Esta técnica utiliza centrifugação de velocidade diferencial em combinação com centrífuga gradiente de densidade para separar mitocôndrias do câncer de ovário humano nos tecidos de controle, o que resulta em amostras de mitocôndrias de alta qualidade para análise quantitativa de proteômica. A preparação das mitocôndrias, juntamente com a proteômica quantitativa iTRAQ, tem sido usada com sucesso na análise do tecido do câncer de ovário humano, que se traduz facilmente para analisar outros tecidos, mitocôndrias proteômicas. Aqueles que nunca realizaram esse método podem achar que pode ser difícil isolar mitocôndrias do controle ovariano do que os tecidos cancerígenos.

É necessário adicionar uma trippsina para melhorar a homogeneização do tecido de controle e adicionar uma camada extra de meio gradiente de densidade para melhorar a separação das mitocôndrias. Para iniciar este procedimento, prepare 250 mililitros do tampão de isolamento mitocondrial conforme descrito no protocolo de texto. Coloque aproximadamente 1,5 gramas de tecidos de câncer de ovário em um prato de vidro limpo.

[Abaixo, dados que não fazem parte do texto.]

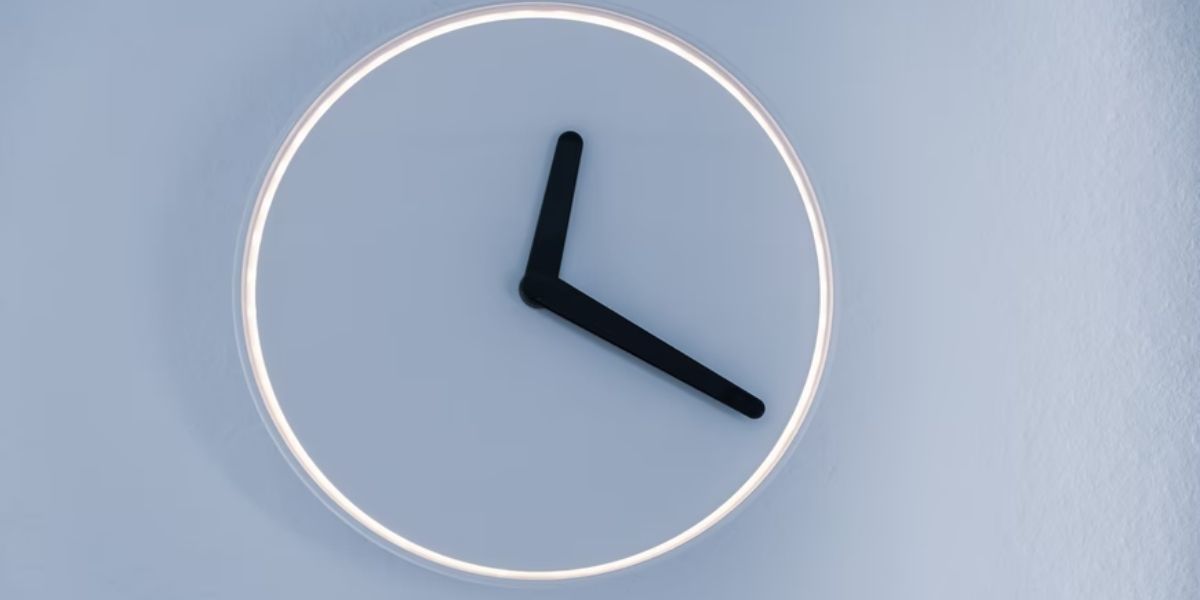 minimalist clock with white edge and black hourly and minute hands on light blue wall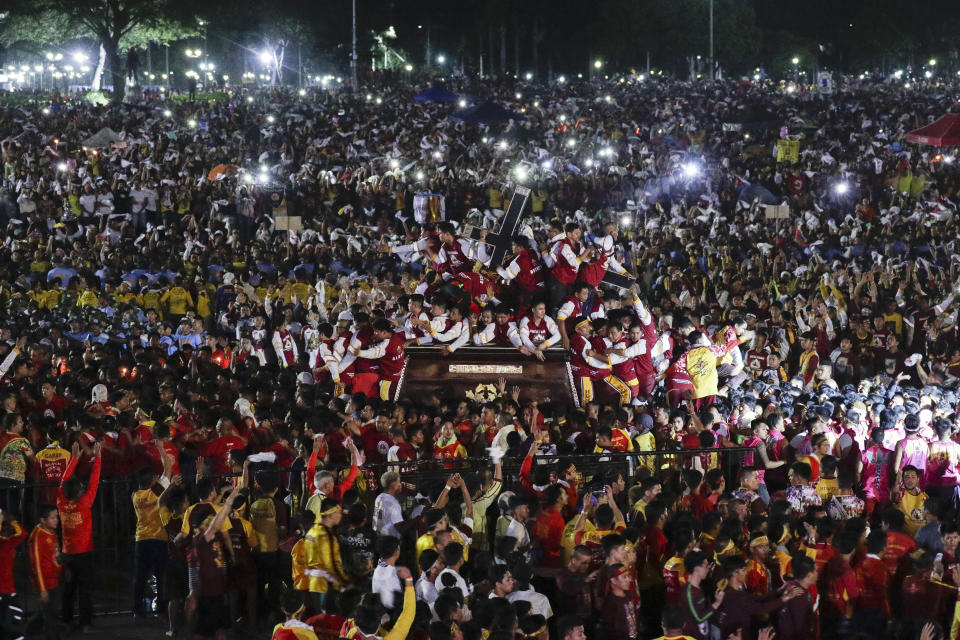 A crowd of Filipino Roman Catholic devotees follow the carriage of the Black Nazarene during a raucous procession to celebrate its feast day Thursday, Jan. 9, 2020, in Manila, Philippines. A mammoth crowd of mostly barefoot Filipino Catholics prayed for peace in the increasingly volatile Middle East at the start Thursday of an annual procession of a centuries-old black statue of Jesus Christ in one of Asia's biggest religious events. (AP Photo/Aaron Favila)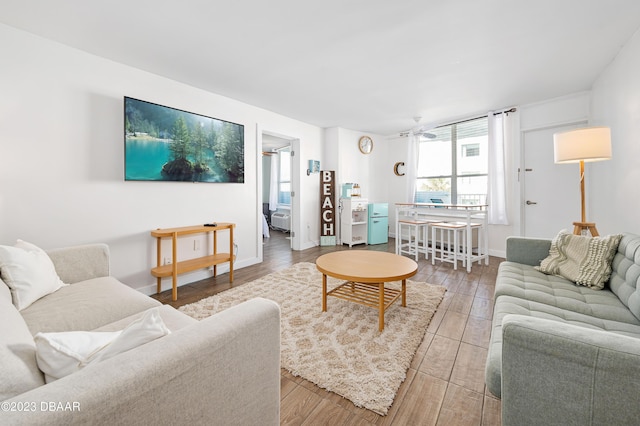 living room with ceiling fan, wood finished floors, and baseboards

Adicione dois mililitros de tampão de isolamento mitocondrial pré-resfriado para lavar levemente o sangue da superfície do tecido. Repita esta lavagem três vezes. Em seguida, use uma tesoura oftálmica limpa para picadinho total do tecido em pedaços que são aproximadamente um milímetro cúbico, e transfira os tecidos picados para um tubo de centrífugo de 50 mililitros.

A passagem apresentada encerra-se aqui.